Ao longo do caminho existe sempre uma pessoa que pergunta: «“Senhor, é verdade que são poucos os que serão salvos?”»; o indivíduo do nosso caso é um personagem não identificado. Na verdade nele podemos ver o reflexo de todos os homens que têm a coragem de ver face a face a realidade do mundo e não se iludem mais com o mito do homem capaz de se auto-construir (como, por exemplo, pensa uma grande parte do “ateísmo prático contemporâneo” e alguns sistemas de pensamento ético tais como a teosofia, a maçonaria, a “neo gnose” –hoje substituída com uma expressão mais atraente: “poder da mente”-, e outros). A capacidade de ver o mundo como é, é própria do homem sábio e realista, humilde e audaz e que tenta arriscar nalguma alternativa à presunção de muitos que frequentemente é causa de catástrofes históricas. Buscar uma alternativa diferente não é fuga para um mundo etéreo ou para o seu contrário, um mundo pragmatista. É coragem de ser o que somos e de existir desse modo.

 

A religião verdadeira, a atitude correta e honesta diante de Deus, permite ao homem ver o mundo sob outro prisma que não seja apenas o próprio como se fosse absoluto. Apenas assim o homem pode agir no mundo com maior eficácia. O nosso personagem também é um homem que se decidiu em favor da dimensão religiosa e que via em Jesus alguém que lhe pudesse dar uma resposta. Ora, o questionamento que ele fez, encontrava a sua raiz num problema de fundo bastante comum, e que se pode reduzir assim: o que eu ganho seguindo o caminho religioso? Vale a pena ser tão diferentes das pessoas que são bem sucedidas seguindo escolhas que desconsideram Deus, e agem como se esta dimensão transcendente não existisse ou fosse uma simples fantasia?

 

Quando não se encontra tão facilmente a resposta, eis então que, infelizmente, a religião, que deveria servir também para gerar unidade entre as pessoas, paradoxalmente se transforma ela mesma em justificativa para divisões. Assim o mundo é dividido entre “os bons” e “os outros” recorre-se à hipótese de um julgamento final no qual as pessoas que se comportaram bem na vida receberão o seu prêmio e os outros um castigo proporcional... Era essa a visão do Antigo Testamento, à qual estava preso o nosso interlocutor. Tal maneira de ver a religião movia grupos sempre mais integralistas às mais exageradas formas de obsequiar, em seus mínimos detalhes, as regras e normas religiosas.
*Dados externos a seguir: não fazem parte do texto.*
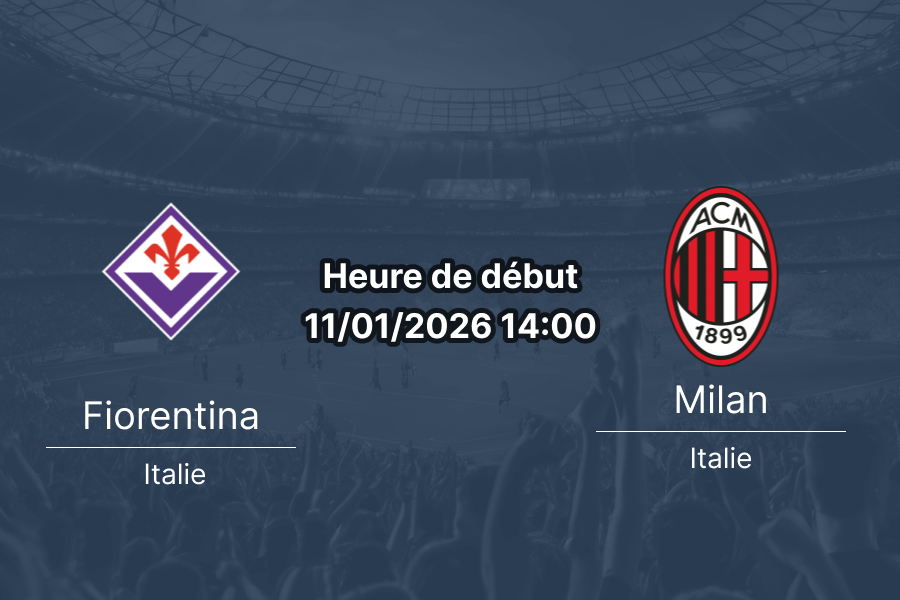 Analyse du match Fiorentina — Milan lors de la 20ᵉ journée de Serie A : forme actuelle des équipes, joueurs clés et pronostic de victoire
É o que acontece toda vez que falta conteúdo, ainda hoje; se recorre a formas, quanto mais detalhadamente e ostensivamente possível. Os Talmudes, por exemplo, nos trazem informações sobre a fisionomia de um israelita considerado “fiel”; ele devia seguir pelo menos 350 regras para não infringir a lei do sábado....! É interessante notar que esse modo de proceder coincidia justamente com a época em que já havia-se perdido o sentido da autêntica relação entre Jhavé e seu povo.

 

Pois bem, é tudo isso que está à base da pergunta daquele homem a Jesus. Dado por certo de que a maioria das pessoas não segue a religião, dado por certo que somente poucos seguem a religião como deve ser, dado por certo de que as normas são demais para serem seguidas corretamente e que talvez somente alguns o consigam, restava-lhe então a pergunta: «É verdade que são poucos os que serão salvos?”». O questionamento parece já dar como certo que é isso que acontecerá no último dia. Aquele indivíduo buscava apenas uma confirmação à própria convicção. O verbo que ele usou é um passivo: “serão salvos” (e não: “se salvarão” como traduzem alguns, –o verbo “salvar” por si próprio indica o ato de um outro que faz o que o sujeito não consegue fazer por si); desse modo o nosso homem indicava a sua convicção: Deus salvará apenas poucos da desgraça final, uma vez que somente alguns foram capazes de seguir os preceitos e, deste modo, agradar o Altíssimo. Era isso que pensava.

 

Podemos notar que Jesus não respondeu permanecendo no mesmo plano do seu interlocutor; a motivação é simples: esse não é o critério da salvação. Jesus não fez da salvação um prêmio ou uma meta conquistada. Isso porque a “salvação” é uma condição de vida, uma maneira de existir perante Deus. Tal modo de existir diante de Deus é representado pela imagem de um banquete, um baquete onde existe uma porta aberta, simplesmente aberta, nada mais. É aberta! É estreita, sim, não se pode entrar por ela de qualquer jeito carregando tudo o que quisermos, mas é aberta!

 

Sabemos bem que a imagem do banquete, no Antigo Testamento e para Jesus, é essencialmente ligada à festa. É a “festa” o  sentido final de tudo; a festa é o lugar para onde corre a história da humanidade inteira, é o lugar onde Deus quer deixar-se encontrar e encontrar-se com todos para oferecer o que possui de melhor, -segundo a imagem de Isaías (25,6-10).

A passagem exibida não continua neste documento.